Übungen mit der Faszienrolle / dem Faszienball

Wie der Name schon vermuten lässt, rollt man beim Faszientraining mit dem Körper über die Faszienrolle. Die gängigsten Einsatzgebiete sind dabei die Ober- und Unterschenkel, die Waden, der Rücken bzw. die Wirbelsäule und die Arme.

Die Faszien in den Beinen und am Rücken kannst Du am besten auf dem Boden trainieren. Dazu legst Du die Faszienrolle auf den Boden und rollst mit dem jeweiligen Körperteil darüber. Für den Rücken legst Du Dich dementsprechend mit dem Rücken auf die Rolle und rollst vor und zurück.

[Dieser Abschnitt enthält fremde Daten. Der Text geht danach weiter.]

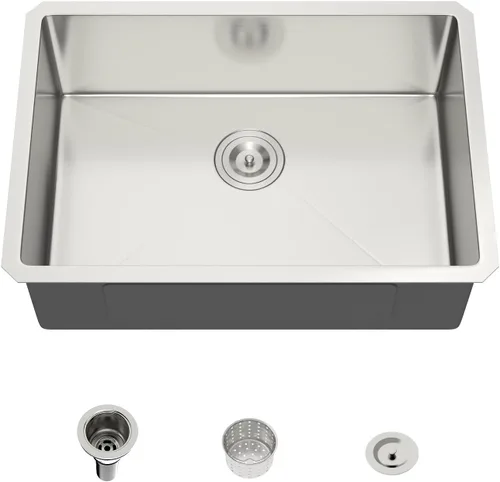 Miniatura 24 de Mocoloo Fregadero de barra de montaje inferior de 15 pulgadas, fregadero de cocina pequeño de 15 x 15 pulgadas, calibre 18, de acero inoxidable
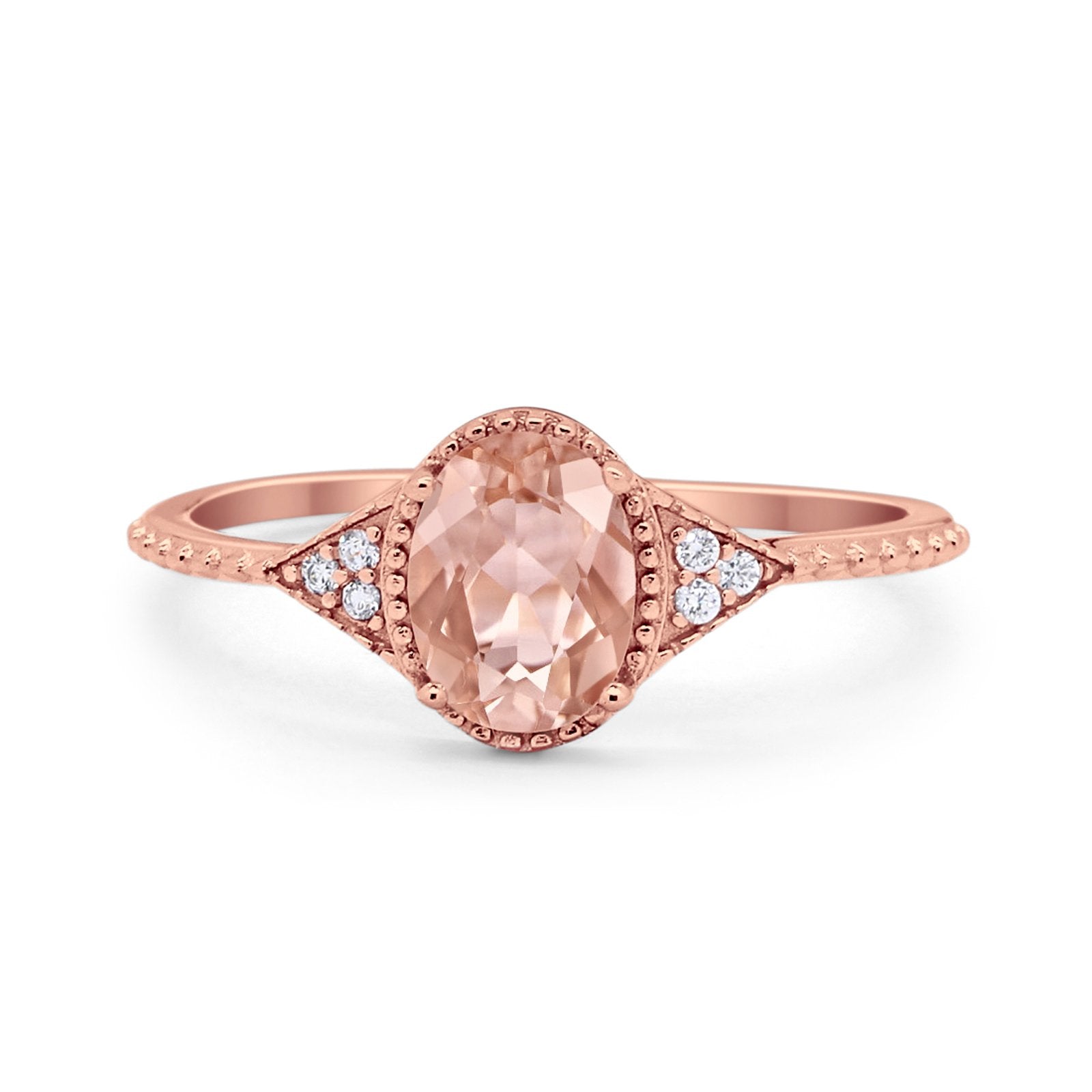 Oval Art Deco Wedding Engagement Bridal Ring Round Cubic Zirconia 925 Sterling Silver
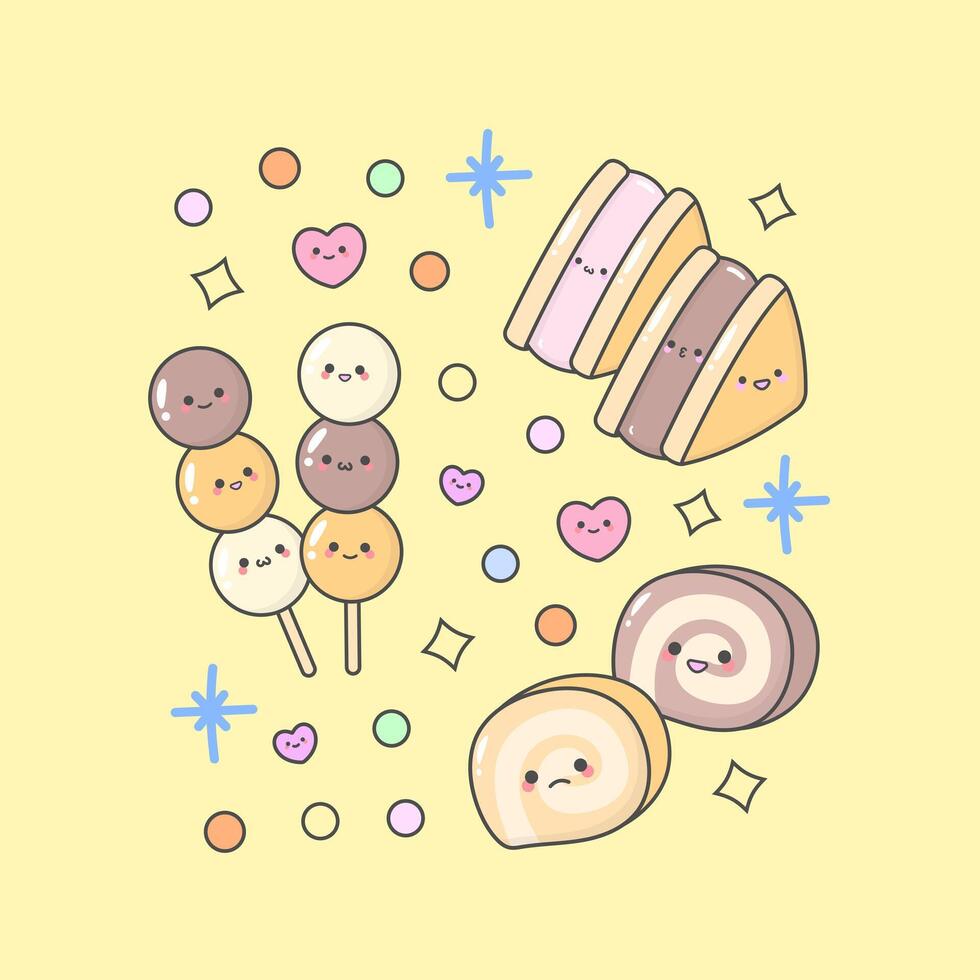 dessert cake pastry dango sandwich rollcake with cute facial expressions and pastel colour vector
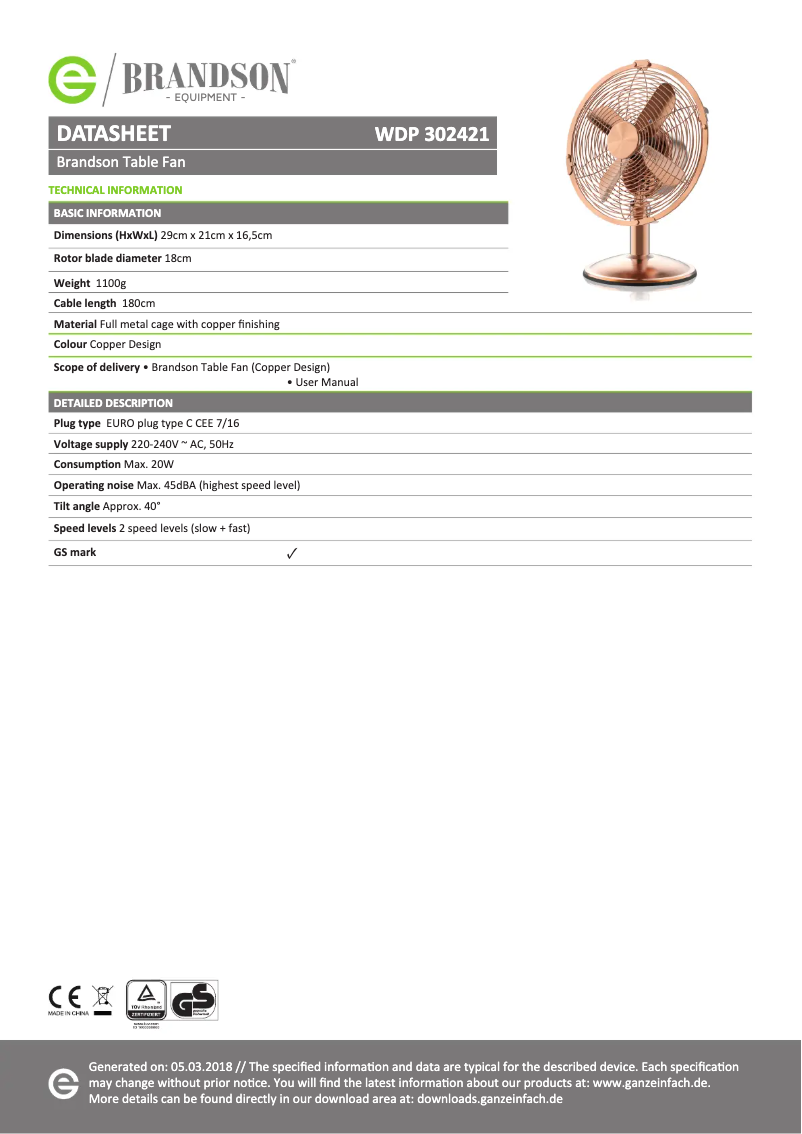 Page 1 de la notice Manuel utilisateur Brandson 303354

Faszientraining für den oberen Rücken

Foto by #DoYourSports

Bei den Oberschenkelaußenseiten liegst Du seitlich auf der Faszienrolle und schiebst Dich mit den Händen vor und zurück. Bei dieser Übung wird zudem Deine Grundstabilität trainiert, da Du Deinen ganzen Körper anspannen musst, um das Gleichgewicht auf der Rolle zu halten.

Faszientraining am seitlichen Oberschenkel

Foto by #DoYourSports

Die Arme lassen sich sehr gut trainieren indem Du die Faszienrollen zwischen einer Wand und Deinem Körper klemmst und dann auf und ab rollst.

Faszienrolle am Oberarm

Foto by #DoYourSports

Das gilt auch für den Doppel-Faszienball, mit dem Du die Faszien links und rechts entlang der Wirbelsäule bearbeiten kannst.

Für den Nacken eignet sich ein einfacher Faszienball oder auch ein Lacrosseball, den Du mit Deiner Hand und einem gewissen Druck im Nacken bewegst.

Dieser Artikel entstand in Kooperation mit #DoYourSports

Teile dieses Wissen mit deinen Sportsfreunden

Schreibe einen Kommentar

Deine E-Mail-Adresse wird nicht veröffentlicht.

Jetzt den nächsten Artikel lesen!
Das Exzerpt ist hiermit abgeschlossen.